Wine connoisseurs have a ready word for the imprinting of locale on the character of wine: terroir. But the ‘terroir’ principle can apply to any object of consumption.
As tracers of ‘place,’ we become part detective, part aesthete, and part historian. Senses must be cultivated. Questions must be asked. East In Eden has opened up two important tracks of opportunity for tracing ‘place.’ One is for the artists: the interpretation of their own productive source in the Pomona Valley. The other is for the audience: the reception of the artists’ locale-inspired products. In this exhibition scenario, the artists are first-order consumers of locale. Spectators are second-order consumers, consuming the products of the artists.

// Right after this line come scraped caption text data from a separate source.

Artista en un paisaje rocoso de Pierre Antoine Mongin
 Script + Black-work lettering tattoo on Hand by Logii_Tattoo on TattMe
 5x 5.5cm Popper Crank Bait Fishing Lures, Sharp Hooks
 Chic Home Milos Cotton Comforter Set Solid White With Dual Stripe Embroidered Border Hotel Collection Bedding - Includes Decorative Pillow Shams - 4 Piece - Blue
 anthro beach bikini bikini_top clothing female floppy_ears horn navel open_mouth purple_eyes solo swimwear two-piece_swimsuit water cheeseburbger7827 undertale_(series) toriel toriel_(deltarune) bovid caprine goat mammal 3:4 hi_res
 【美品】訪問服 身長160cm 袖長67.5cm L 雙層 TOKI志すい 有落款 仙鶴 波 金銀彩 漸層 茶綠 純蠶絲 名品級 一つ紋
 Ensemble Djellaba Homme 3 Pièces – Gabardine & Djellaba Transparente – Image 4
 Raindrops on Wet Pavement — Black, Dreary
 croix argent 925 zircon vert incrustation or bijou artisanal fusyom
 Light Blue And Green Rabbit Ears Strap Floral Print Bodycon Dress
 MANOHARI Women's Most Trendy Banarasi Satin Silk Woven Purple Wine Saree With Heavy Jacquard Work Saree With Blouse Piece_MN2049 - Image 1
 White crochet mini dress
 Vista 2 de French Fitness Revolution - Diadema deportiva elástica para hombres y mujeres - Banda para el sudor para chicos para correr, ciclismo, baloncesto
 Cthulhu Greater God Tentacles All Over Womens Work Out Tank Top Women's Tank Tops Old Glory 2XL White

Ideally, regardless of our position in the chain of consumption, we can optimize our consumer role by connecting the sensations we “get” by consuming with an awareness of how it got to us, the physical and cultural costs of products we behold. For only then will our consumption reveal production instead of falsifying or denying it. Only then will our valuation of ‘place’ come into alignment with our actual dependence on it.